* **What is needed**: Quote the records exactly, starting at the first line and stopping after the line with "If you are preparing"; skip the pictures.

(Stored data entries)
---+---

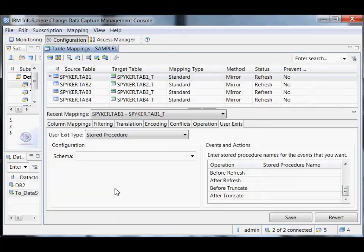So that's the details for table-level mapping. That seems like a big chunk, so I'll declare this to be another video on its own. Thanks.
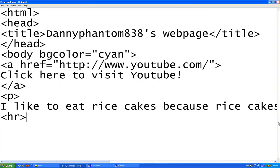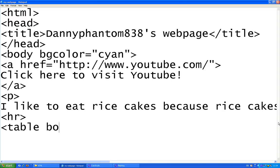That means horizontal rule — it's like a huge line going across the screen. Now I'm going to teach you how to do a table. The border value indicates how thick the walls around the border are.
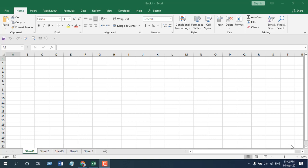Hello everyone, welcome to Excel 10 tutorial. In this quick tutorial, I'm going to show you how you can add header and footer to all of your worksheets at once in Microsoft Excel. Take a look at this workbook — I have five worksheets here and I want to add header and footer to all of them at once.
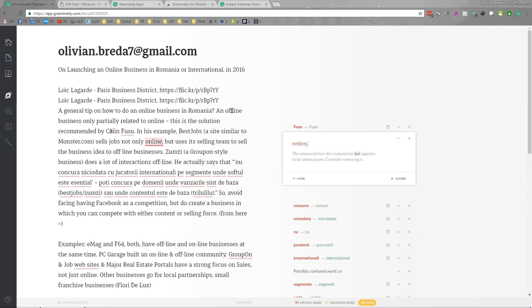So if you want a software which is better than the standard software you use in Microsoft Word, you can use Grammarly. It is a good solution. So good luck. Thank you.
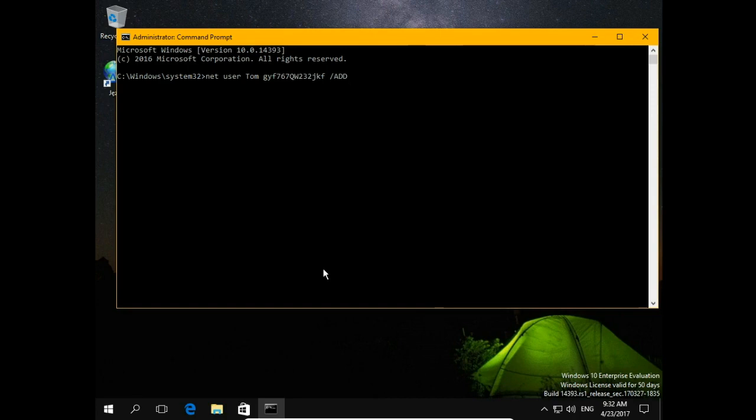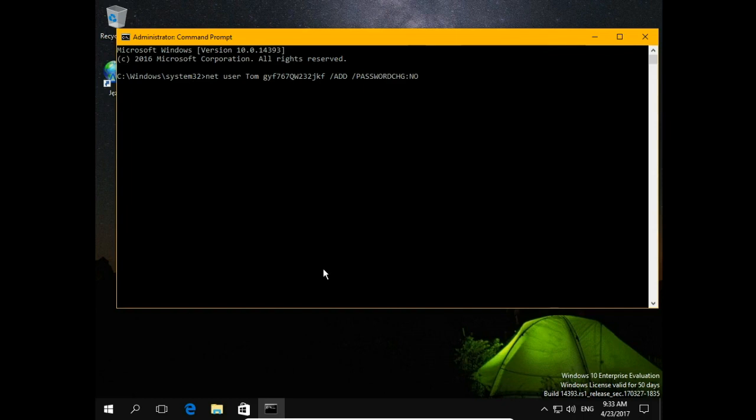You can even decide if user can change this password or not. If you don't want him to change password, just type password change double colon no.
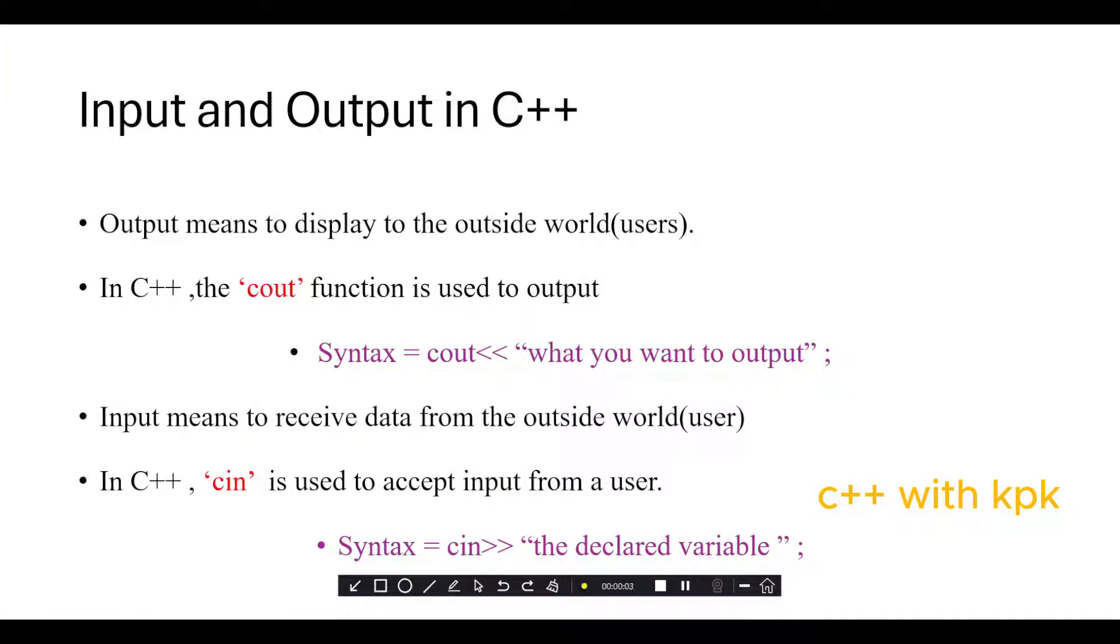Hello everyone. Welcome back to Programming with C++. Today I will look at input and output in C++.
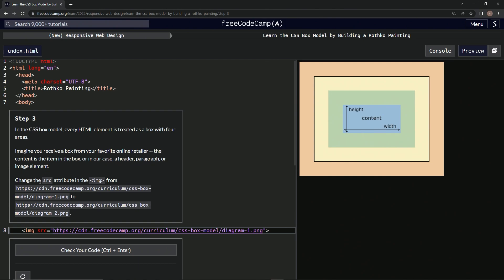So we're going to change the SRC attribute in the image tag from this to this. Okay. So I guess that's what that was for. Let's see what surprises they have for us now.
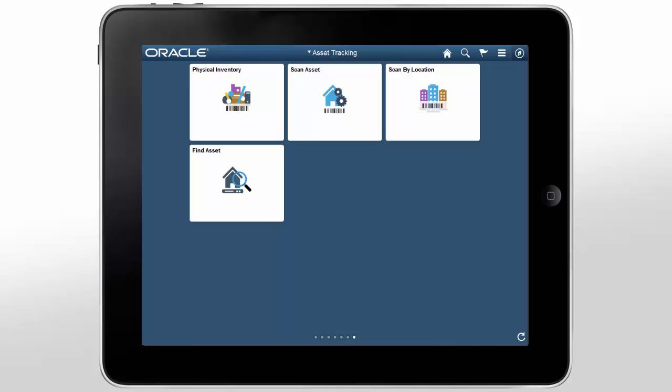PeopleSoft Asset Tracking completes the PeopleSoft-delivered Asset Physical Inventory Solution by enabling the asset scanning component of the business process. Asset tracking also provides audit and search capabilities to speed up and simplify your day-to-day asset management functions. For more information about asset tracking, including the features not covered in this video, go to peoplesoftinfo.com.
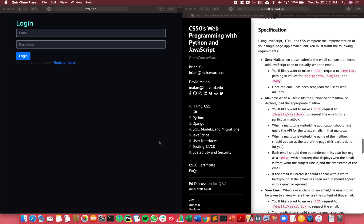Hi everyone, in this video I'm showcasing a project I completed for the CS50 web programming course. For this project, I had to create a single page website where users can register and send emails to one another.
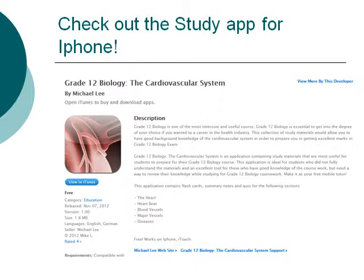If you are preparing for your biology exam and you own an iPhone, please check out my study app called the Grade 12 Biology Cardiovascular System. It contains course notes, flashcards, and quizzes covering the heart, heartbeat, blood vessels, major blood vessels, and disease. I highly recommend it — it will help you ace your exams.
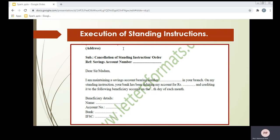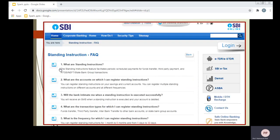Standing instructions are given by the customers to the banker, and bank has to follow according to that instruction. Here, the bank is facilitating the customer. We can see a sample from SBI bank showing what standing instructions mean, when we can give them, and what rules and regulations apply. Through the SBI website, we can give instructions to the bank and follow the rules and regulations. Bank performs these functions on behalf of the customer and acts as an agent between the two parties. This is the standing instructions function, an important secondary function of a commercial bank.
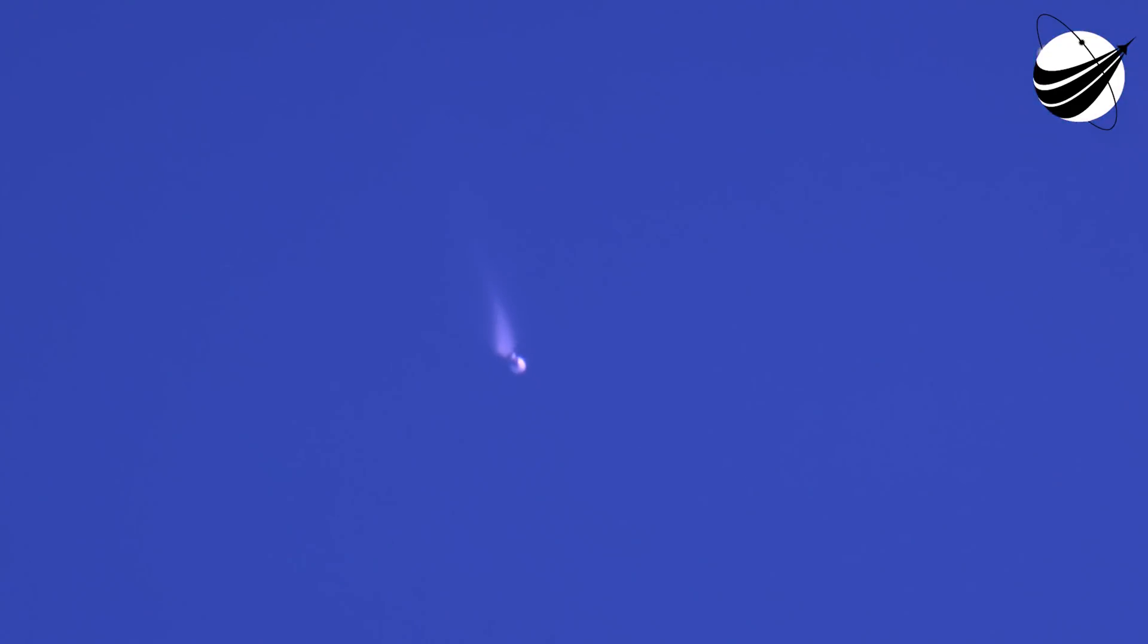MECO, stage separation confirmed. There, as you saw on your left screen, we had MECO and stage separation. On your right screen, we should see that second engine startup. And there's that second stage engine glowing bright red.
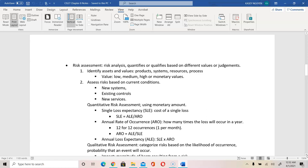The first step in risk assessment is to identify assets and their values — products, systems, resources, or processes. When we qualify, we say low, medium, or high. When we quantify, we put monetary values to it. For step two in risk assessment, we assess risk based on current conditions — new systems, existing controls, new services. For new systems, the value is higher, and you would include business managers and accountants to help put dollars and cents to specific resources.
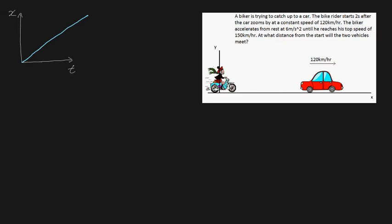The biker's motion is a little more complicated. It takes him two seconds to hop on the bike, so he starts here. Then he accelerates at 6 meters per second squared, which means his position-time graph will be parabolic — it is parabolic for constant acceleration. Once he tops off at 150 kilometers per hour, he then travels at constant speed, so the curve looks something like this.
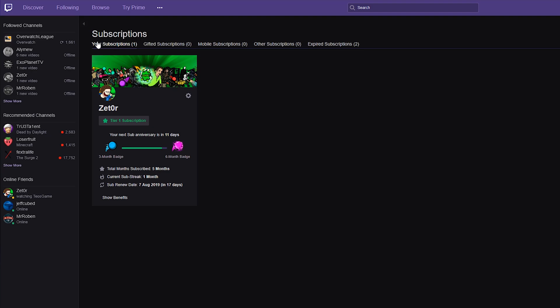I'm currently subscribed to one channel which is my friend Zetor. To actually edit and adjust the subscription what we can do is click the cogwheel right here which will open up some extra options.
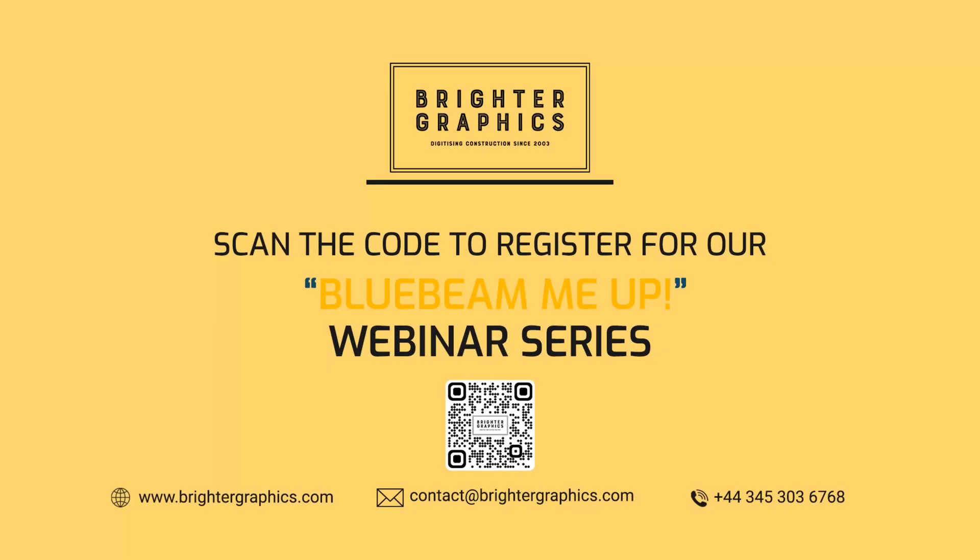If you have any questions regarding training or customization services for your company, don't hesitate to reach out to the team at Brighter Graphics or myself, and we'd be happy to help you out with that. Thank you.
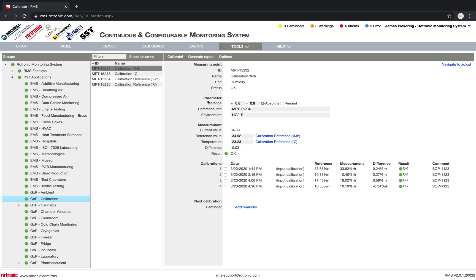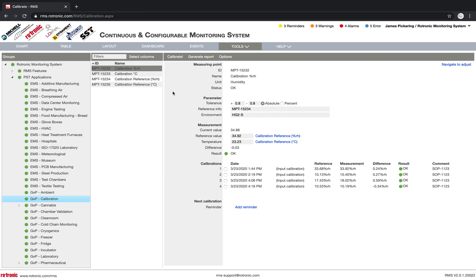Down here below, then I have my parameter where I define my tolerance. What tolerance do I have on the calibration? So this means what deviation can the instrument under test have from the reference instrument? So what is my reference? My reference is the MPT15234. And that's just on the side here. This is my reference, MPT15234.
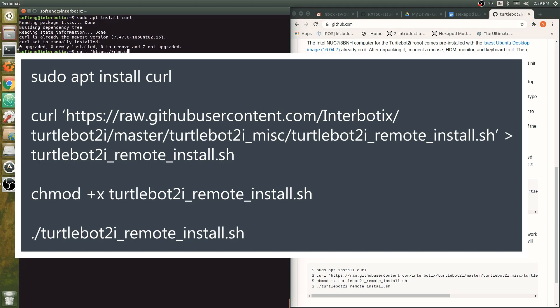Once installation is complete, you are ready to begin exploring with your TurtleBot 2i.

---+---

* **Written answer**:
So that's the details for table-level mapping. That seems like a big chunk, so I'll declare this to be another video on its own. Thanks.
That means horizontal rule — it's like a huge line going across the screen. Now I'm going to teach you how to do a table. The border value indicates how thick the walls around the border are.
Hello everyone, welcome to Excel 10 tutorial. In this quick tutorial, I'm going to show you how you can add header and footer to all of your worksheets at once in Microsoft Excel. Take a look at this workbook — I have five worksheets here and I want to add header and footer to all of them at once.
So if you want a software which is better than the standard software you use in Microsoft Word, you can use Grammarly. It is a good solution. So good luck. Thank you.
You can even decide if user can change this password or not. If you don't want him to change password, just type password change double colon no.
Hello everyone. Welcome back to Programming with C++. Today I will look at input and output in C++.
So we're going to change the SRC attribute in the image tag from this to this. Okay. So I guess that's what that was for. Let's see what surprises they have for us now.
PeopleSoft Asset Tracking completes the PeopleSoft-delivered Asset Physical Inventory Solution by enabling the asset scanning component of the business process. Asset tracking also provides audit and search capabilities to speed up and simplify your day-to-day asset management functions. For more information about asset tracking, including the features not covered in this video, go to peoplesoftinfo.com.
Hi everyone, in this video I'm showcasing a project I completed for the CS50 web programming course. For this project, I had to create a single page website where users can register and send emails to one another.
If you are preparing for your biology exam and you own an iPhone, please check out my study app called the Grade 12 Biology Cardiovascular System. It contains course notes, flashcards, and quizzes covering the heart, heartbeat, blood vessels, major blood vessels, and disease. I highly recommend it — it will help you ace your exams.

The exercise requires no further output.